§ DATA PROVIDED:
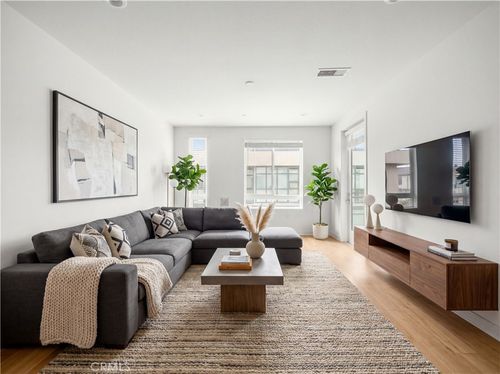 2402 Nolita, Irvine, CA, 92612-8545 | Card Image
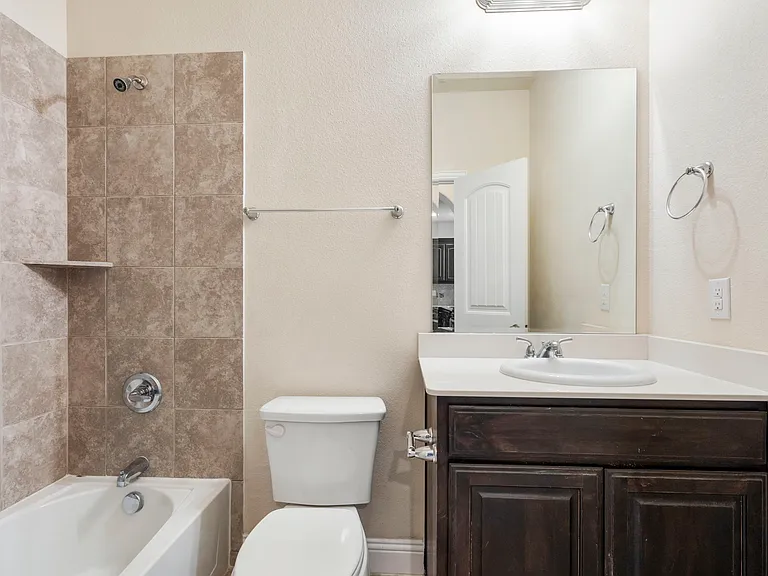 2640 Venice Dr #2 — Photo 25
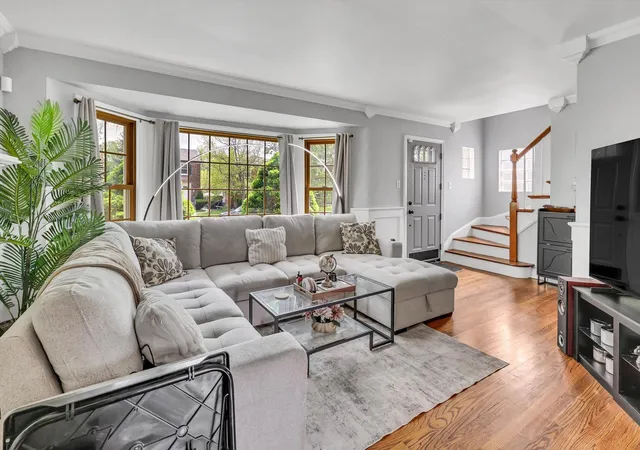 Photo 3 of Single family home for sale at 10006 S Artesian Ave, Chicago, IL 60655 | MLS# 12753186 | Listing updated on 2026-09-14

§ TASK TO CARRY OUT: Leave the pictures out and return the rest of the listing exactly.

§ EXPECTED ANSWER:
 2402 Nolita, Irvine, CA, 92612-8545 | Card Image
 2640 Venice Dr #2 — Photo 25
 Photo 3 of Single family home for sale at 10006 S Artesian Ave, Chicago, IL 60655 | MLS# 12753186 | Listing updated on 2026-09-14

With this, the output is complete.